Prof. Farnaz Shakib, Assistant Professor of Chemistry & Environmental Science, New Jersey Institute of Technology

https://people.njit.edu/profile/shakib

Bio: Dr. Shakib completed her Bachelor degree in applied chemistry at the University of Tabriz, Iran, followed by her Master in computational organic chemistry at Tarbiat Modares University. She obtained her PhD from University of Alberta, Canada, with Prof. Gabriel Hanna in 2016. Her PhD studies was the starting point of her career in developing state-of-the-art nonadiabatic dynamics methods to study the quantum mechanical nature of charge transfer reactions. There, she developed and applied a new mixed quantum-classical Liouville method to simulate the dynamics of proton-coupled electron transfer (PCET) reactions in condensed phases. In March 2016 she entered the United States to continue her career as a postdoctoral research associate at the University of Rochester where she contributed to the development of methods such as Ring Polymer Surface Hopping and Quasi-Diabatic Integration Scheme to study thermal and photoinduced PCET reactions. In September 2019, Dr. Shakib joined NJIT to embark her independent research career with focus on developing accurate yet efficient computational platforms to investigate charge transfer dynamics in multi-configurational condensed-phase materials for energy storage/conversion purposes.

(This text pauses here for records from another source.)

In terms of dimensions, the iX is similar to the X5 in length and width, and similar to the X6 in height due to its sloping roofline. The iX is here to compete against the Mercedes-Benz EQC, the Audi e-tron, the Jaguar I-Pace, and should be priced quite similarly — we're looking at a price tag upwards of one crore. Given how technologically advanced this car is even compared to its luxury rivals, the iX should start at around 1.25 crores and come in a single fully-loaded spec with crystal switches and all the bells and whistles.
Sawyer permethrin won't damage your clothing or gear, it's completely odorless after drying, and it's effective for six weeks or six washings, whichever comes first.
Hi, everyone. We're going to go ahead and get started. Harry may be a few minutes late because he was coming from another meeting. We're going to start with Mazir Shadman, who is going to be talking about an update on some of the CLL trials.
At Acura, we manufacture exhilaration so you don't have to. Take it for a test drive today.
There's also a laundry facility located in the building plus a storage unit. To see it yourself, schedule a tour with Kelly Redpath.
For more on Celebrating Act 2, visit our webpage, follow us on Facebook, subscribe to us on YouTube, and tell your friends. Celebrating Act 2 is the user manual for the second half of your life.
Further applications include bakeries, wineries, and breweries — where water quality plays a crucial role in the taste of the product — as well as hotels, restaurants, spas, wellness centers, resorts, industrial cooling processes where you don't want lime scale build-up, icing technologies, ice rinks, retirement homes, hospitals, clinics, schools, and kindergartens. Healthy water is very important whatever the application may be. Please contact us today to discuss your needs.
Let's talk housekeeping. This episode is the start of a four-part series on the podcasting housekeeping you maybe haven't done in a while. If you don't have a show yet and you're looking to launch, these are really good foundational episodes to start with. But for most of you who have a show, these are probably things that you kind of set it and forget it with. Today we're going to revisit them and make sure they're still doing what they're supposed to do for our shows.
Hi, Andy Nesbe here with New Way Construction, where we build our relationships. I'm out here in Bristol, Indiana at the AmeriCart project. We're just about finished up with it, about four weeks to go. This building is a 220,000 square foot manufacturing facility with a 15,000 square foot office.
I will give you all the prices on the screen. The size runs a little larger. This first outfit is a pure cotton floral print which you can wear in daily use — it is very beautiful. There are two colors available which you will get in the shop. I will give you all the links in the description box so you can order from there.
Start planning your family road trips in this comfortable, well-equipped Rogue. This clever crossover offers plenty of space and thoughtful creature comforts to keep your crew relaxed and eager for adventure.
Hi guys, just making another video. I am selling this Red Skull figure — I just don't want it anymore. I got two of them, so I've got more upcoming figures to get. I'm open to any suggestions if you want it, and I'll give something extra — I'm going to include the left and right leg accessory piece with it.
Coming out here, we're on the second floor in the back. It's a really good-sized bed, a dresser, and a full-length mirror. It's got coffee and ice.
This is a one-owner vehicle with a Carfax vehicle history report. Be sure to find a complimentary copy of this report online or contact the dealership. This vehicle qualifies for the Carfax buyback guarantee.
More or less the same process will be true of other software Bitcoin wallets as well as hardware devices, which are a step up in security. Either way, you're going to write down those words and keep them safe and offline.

Title: "Two-dimensional electrically conductive metal-organic frameworks: Challenges and opportunities"

Abstract: 2-Dimensional (2D) metal-organic frameworks (MOFs) are a new class of multifunctional low-dimensional materials where extended layers of tetra-coordinated metal nodes with electron-rich π-conjugated organic linkers are stacked via van der Waals interactions. With two possible electron transport pathways along the intra- and inter-layer directions, 2D MOFs offer electrical conductivity on top of other known properties of MOFs, which include permanent porosity and exceptionally high surface area, promising unprecedented breakthroughs in producing high-performance and cost-effective materials for batteries, semiconductors, and supercapacitors. To make progress toward these applications, theoretical and computational tools have been utilized to unravel structure−property relationships, identify frameworks with tailored electronic properties, and develop design criteria for novel 2D MOFs yet to be experimentally synthesized and characterized. However, such studies are still in their infancy, hampered by various factors, including the high computational cost of simulating these complex extended materials composed of hundreds of atoms. In this talk, I will summarize and discuss our group’s efforts in mapping out the structure-property-function relationship of 2D MOFs while also deliberating utilization of machine learning (ML) techniques in property prediction of these electrically conductive (EC) materials. I will introduce our EC-MOF Database, the only database dedicated to 2D MOFs, which provides not only the crystal structure information but also the electronic properties of 1,072 structures, calculated at the periodic Density Functional Theory (DFT) level. I will also introduce the flexible nature of 2D MOFs and discuss how we employ molecular dynamics simulations based on our developed high-dimensional neural network potentials (NNPs) for capturing this flexibility.